Unique to Alice: {'Alice', 'say', 'begin', 'go', 'little', 'like', 'come', 'look'}
Unique to Persuasion: {'Elliot', 'Mrs', 'good', 'Wentworth', 'Anne', 'Captain', 'Lady', 'Mr'}


These are examples of how you can do data exploration on text data. When it comes to text data, the limit is sky! So, use your imagination and find out more creative ways of analyzing the two novels based on the lemmas they have.

We'll not go into the details but some syntactical properties can also help in this analysis. 
If you notice, the most frequent lemmas include person names. For the purpose of our analysis, we may need to eliminate them from the lists. 

In order to do this, we can derive the named entities in the texts and SpaCy has already derived named entities in the texts during parsing.

If you like, you can go ahead and inspect the named entities.

Note: We lemmatized our tokens to treat words with similar meanings as if they are the same. 

Apart from looking at lemmas, we could also perform a similar analysis by pulling out prefixes (token.prefix_) or suffixes (token.suffix_) from the tokens.

##**Sentences**

Before closing this checkpoint, we want to mention about how to determine the sentences in a corpus.

Beyond individual words, text can also be considered at the level of sentences. Using punctuation cues, we can split up text into sentences.

Each sentence can then be summarized by, for example, using sentiment analysis to categorize sentences as having positive or negative sentiment.

 We may also be interested in how long sentences tend to be, and how many unique words make up a sentence.

 The sentence also provides context for the individual words, allowing us to draw even more information from each word.

We get a lot of automatic sentence-level information from spaCy. The **doc.sents** property will give us each sentence as a span object. 

Let's look at some of that:



In [0]:
# initial exploration of sentences

sentences = list(alice_doc.sents)
print("Alice in Wonderland has {} sentences.".format(len(sentences)))

example_sentence = sentences[2]
print("Here is an example: \n{}\n".format(example_sentence))

Alice in Wonderland has 1624 sentences.
Here is an example: 
There was nothing so VERY remarkable in that; nor did Alice think it so VERY much out of the way to hear the Rabbit say to itself, 'Oh dear!

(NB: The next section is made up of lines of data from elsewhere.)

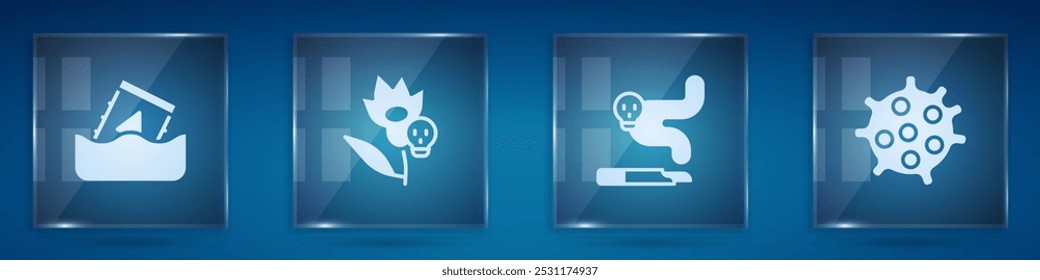 Set Radioactive waste in barrel, Poison flower, Cigarette and Bacteria. Square glass panels. Vector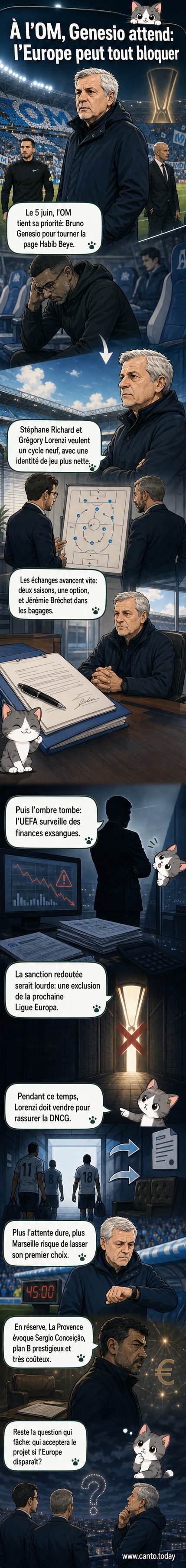 Illustration d'un banc d'entraîneur avec les silhouettes de Bruno Genesio et Sergio Conceição, entourées de symboles financiers et sportifs représentant l'OM.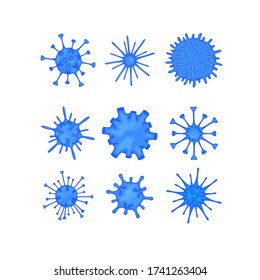 Set of molecules of various viruses isolated on a white background. Coronavirus 2019-nCoV outbreak. Pandemic epidemiology concept. Vector flat illustration.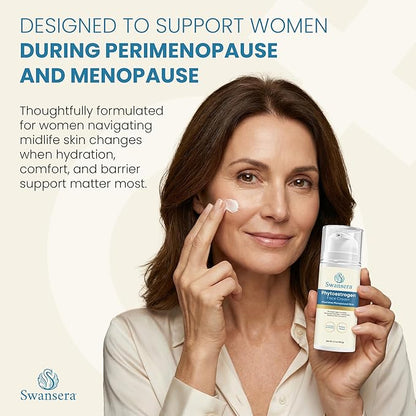Phyto Estrogen Face Cream - Hydrating Moisturizer - Dermatologist Recommended with Wild Yam, Bakuchiol, Peptides & Ceramides - Nourishing Skin Care for Perimenopause & Mature Skin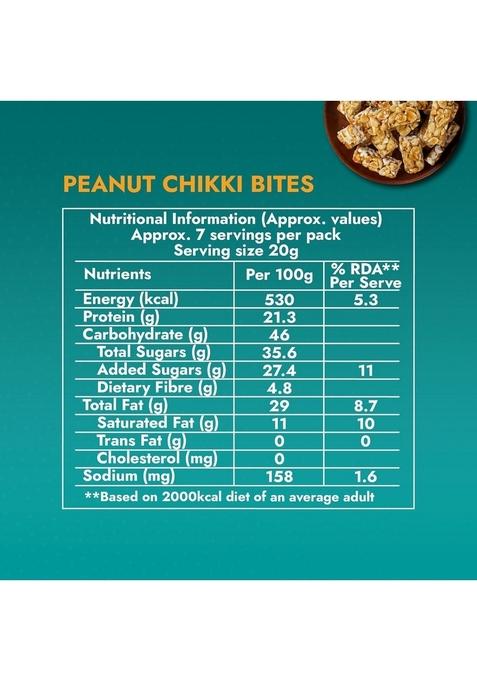 SWEET KARAM COFFEE Peanut Chikki Bites Pack of 2 (150g Each) | No Palm Oil or Preservatives Jaggery Sweetened White Sugar Free High Protein & Fiber Kadalai Mittai Gajak Healthy Indian Snack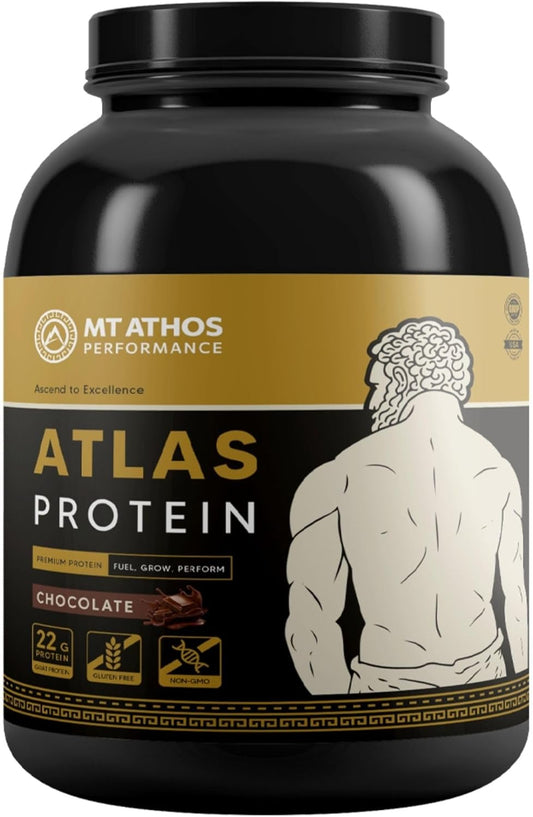 Mt. Athos Performance Atlas Chocolate Protein Powder | Goat Milk Whey with Casein Protein | 22 g Protein per Serving | Chocolate | 28 Servings
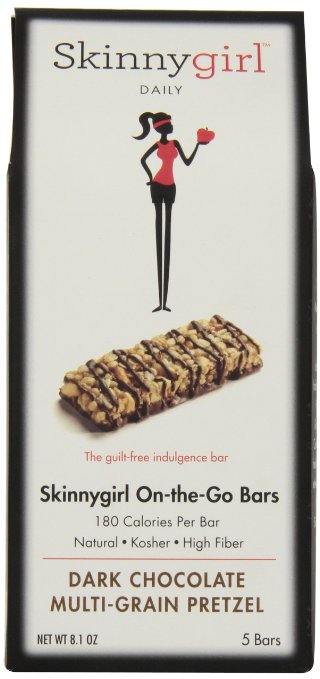 Skinny Girl On The Go Protein Bar, Dark Chocolate Multigram Pretzel, 5 Count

 **look at some metrics around this sentence**

In [0]:
example_words = [token for token in example_sentence if not token.is_punct]
unique_words = set([token.text for token in example_words])

print(("There are {} words in this sentence, and {} of them are"
       " unique.").format(len(example_words), len(unique_words)))

There are 56 words in this sentence, and 46 of them are unique.


As we can see, sentence-level analysis can also be helpful in the data exploration phase.

This is all about data cleaning and text preprocessing for now. It's your turn to complete the assignments.

##**Assignments**
In this assignment, you're required to clean up the two datasets. You'll be using these datasets in the later checkpoints of this module and hence cleaning them up here will help you save time when working with these datasets.

The first dataset is a dialogue dataset called **Cornell Movie--Dialogs Corpus**. This corpus includes conversations between the characters of more than 600 movies.

The second dataset is the **Twitter US Airline Sentiment dataset** from Kaggle. This dataset contains the tweets from travelers about some airlines in February 2015. This dataset is usually used in sentiment analysis but we'll use it for sentence generation later on.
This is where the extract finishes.